[Collected data Boundary: Start]
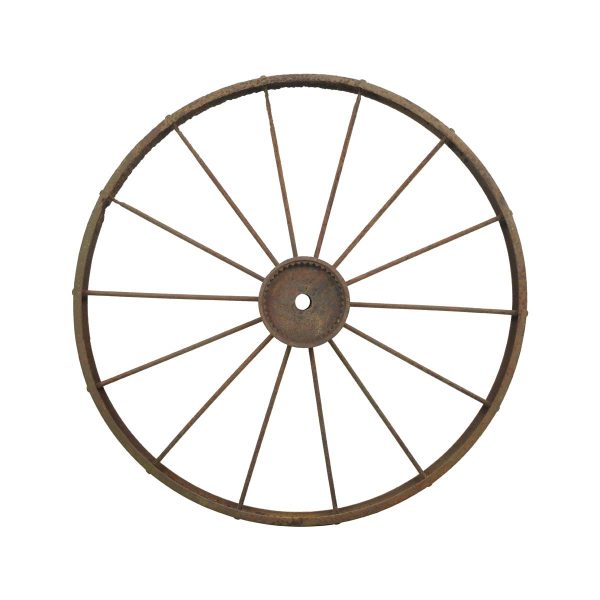 Industrial - Reclaimed 40.5 in. Cast Iron 14 Spoke Wagon Wheel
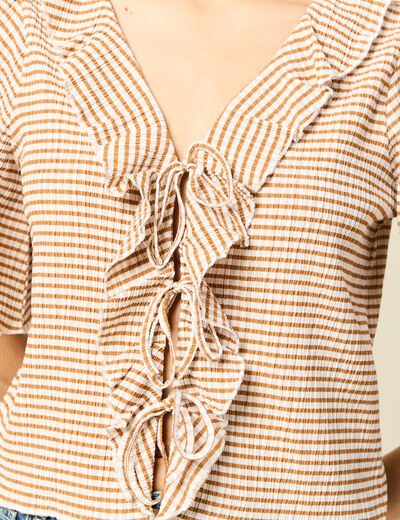 T-shirt col V &agrave; volants manches courtes marron clair femme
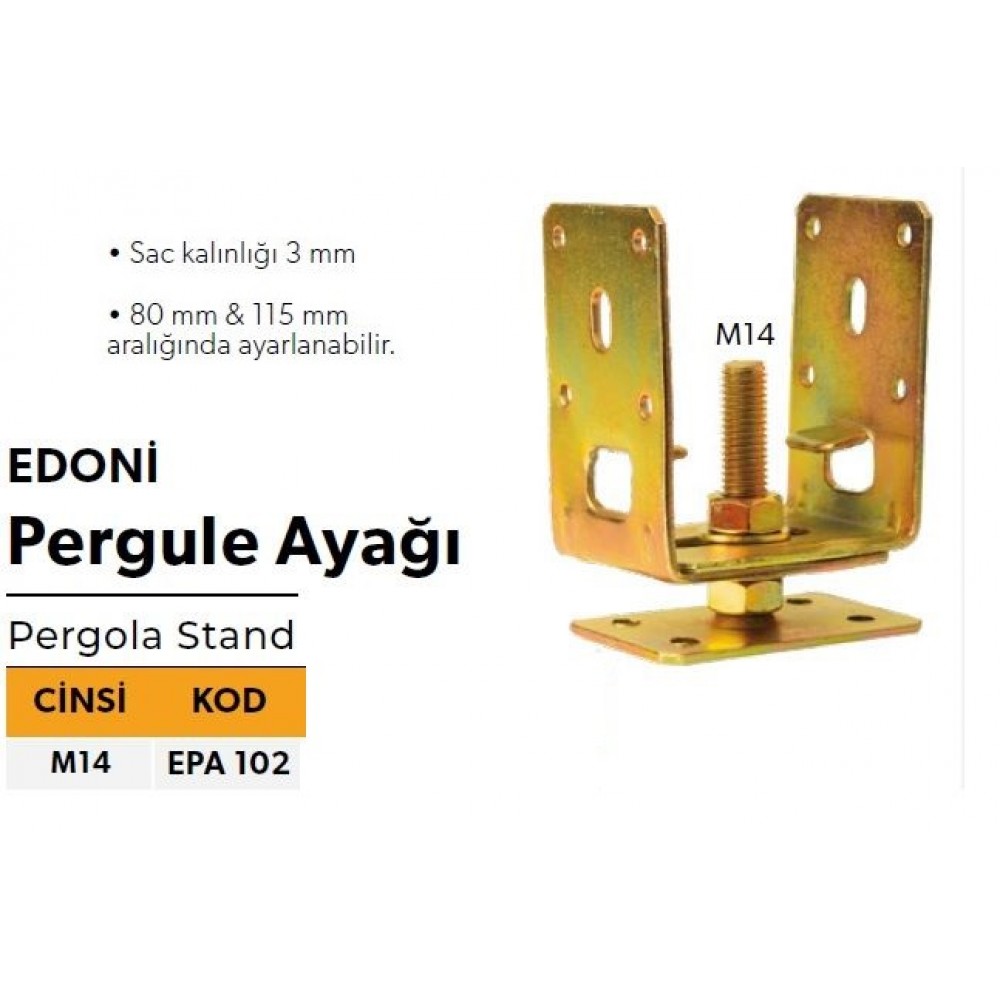 Pergule Ayağı M14 4 Adet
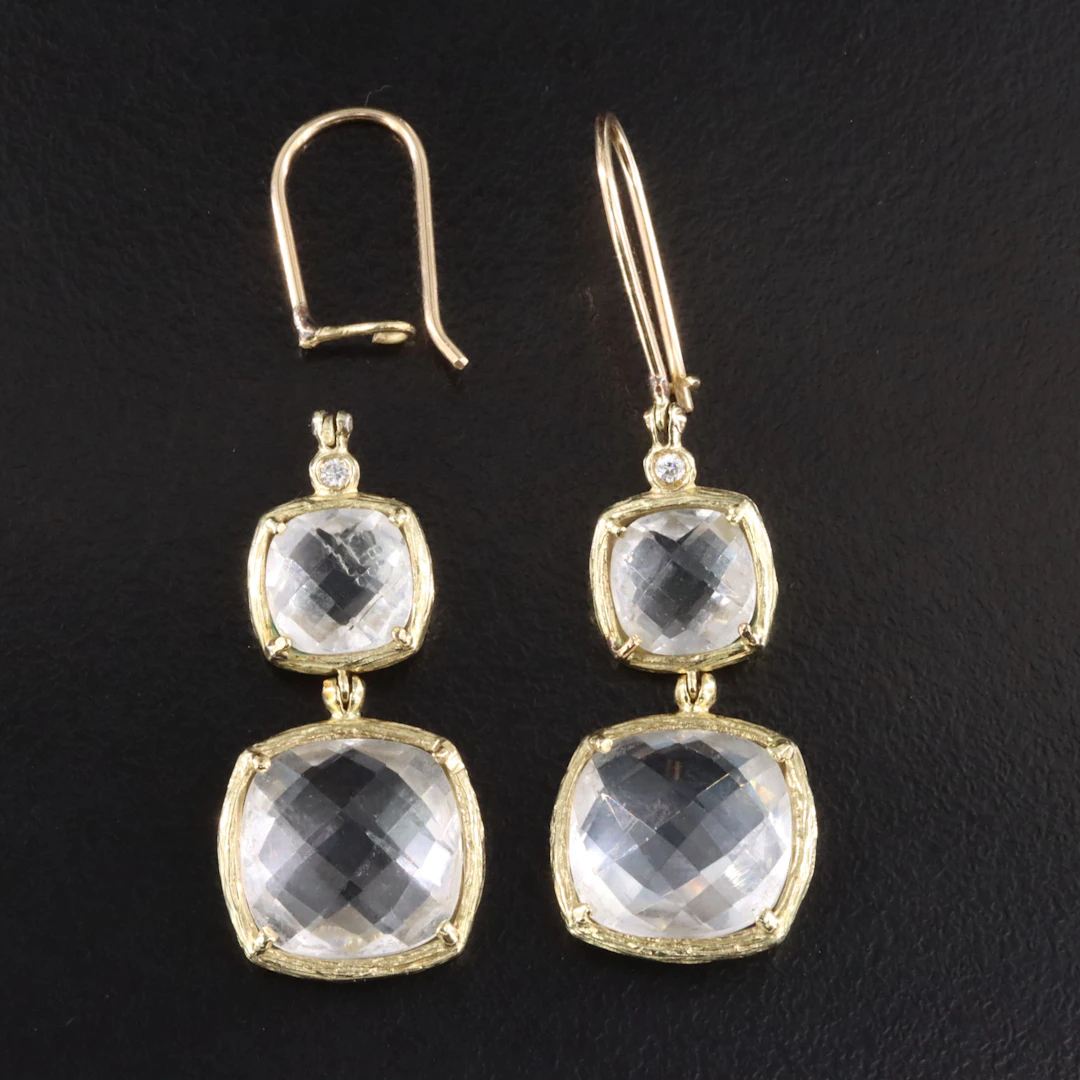 14K Rock Crystal and Diamond Drop Earrings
[Collected data Boundary: End]
▶ **Problem**
After removing the pictures, transcribe the listing above exactly.

▶ **Result of this task**
 Industrial - Reclaimed 40.5 in. Cast Iron 14 Spoke Wagon Wheel
 T-shirt col V &agrave; volants manches courtes marron clair femme
 Pergule Ayağı M14 4 Adet
 14K Rock Crystal and Diamond Drop Earrings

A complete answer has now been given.